A simple dungeon crawler with basic items and a few enemy types. UI is different, for it is a handheld game. Icons are too small, (But I wonder how would this actually look in a real NDS screen). Levels are non-traditional.

A roguelike for the Nintendo DS (can be easily played through an emulator). The controls are a bit fiddly and the graphics ain't exactly pretty, but it's all functional enough. Dungeons are large and open, and there's not a great deal of variety to the play, though there has been some attempt to make an interesting skills/magic system. Biggest nuisance is the lack of real information on what items or equipment affect. Game gets a bit monotonous after a while with the big open levels and samey enemies.

Storming the Ship

Completeness

2 - Quite a lot of features. At least two ways to win but balancing is a little too much against the player. You can shoot yourself if you wish.

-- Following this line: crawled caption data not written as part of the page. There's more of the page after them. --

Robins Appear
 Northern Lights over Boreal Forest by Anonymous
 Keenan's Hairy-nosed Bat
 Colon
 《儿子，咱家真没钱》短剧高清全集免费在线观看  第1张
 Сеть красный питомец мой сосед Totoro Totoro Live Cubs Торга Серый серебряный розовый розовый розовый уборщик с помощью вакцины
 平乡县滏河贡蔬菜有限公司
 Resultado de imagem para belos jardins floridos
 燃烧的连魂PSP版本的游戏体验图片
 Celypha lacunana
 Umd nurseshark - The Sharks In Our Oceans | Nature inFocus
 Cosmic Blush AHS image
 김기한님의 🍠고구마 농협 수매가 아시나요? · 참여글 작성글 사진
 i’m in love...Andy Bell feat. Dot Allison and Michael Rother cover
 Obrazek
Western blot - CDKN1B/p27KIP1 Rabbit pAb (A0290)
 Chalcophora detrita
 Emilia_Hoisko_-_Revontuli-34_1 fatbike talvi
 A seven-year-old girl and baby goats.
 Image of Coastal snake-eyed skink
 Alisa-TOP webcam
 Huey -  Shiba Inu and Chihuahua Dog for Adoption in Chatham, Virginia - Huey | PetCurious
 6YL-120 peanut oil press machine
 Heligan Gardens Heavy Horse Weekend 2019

2 - Seems to be complete, though I couldn't clear more than 2 or 3 decks per attempt, but needs balancing, polish and a better manual or readme

2 - Basic functionality but needs polish. I tried timing out the LY meter to see if the ship escapes at the border, and it didn't, so am not sure of the completeness of end conditions.

Aesthetics

1 - Color scheme acceptable. Keys sensible but only way to target anything is to move cursor space by space to destination. Only one line for messages.

2 - Clean but standard, remappable keys are a big plus

1 - ASCII display reasonable, but message prompt gets in the way of the stats, especially when trying terminals. Unsure of game design reason to make terminals same as charging station, seems to be more aggravating than a treasure hunt as one could always zero-turns look. Commands are a bit esoteric and only documented in keybindings.yml rather than in-game help. Lack of vi forgiven due to keybindings, but would rather the extra 8 lines to add vi were thence added. Key commands like activate and open don't have prompts, so you are unsure if you've hit the key or not until you hit direction. Unclear how to cancel an activate if you hit it rather than [s]hoot. I'd much rather bump to open than a prompt telling me to open (which also fails to tell me what key to hit to open).

Fun

2 - Quite fun until you get shot by marines which you cannot oppose until you get energy armor from science lab. Sabotaging stuff is good thing.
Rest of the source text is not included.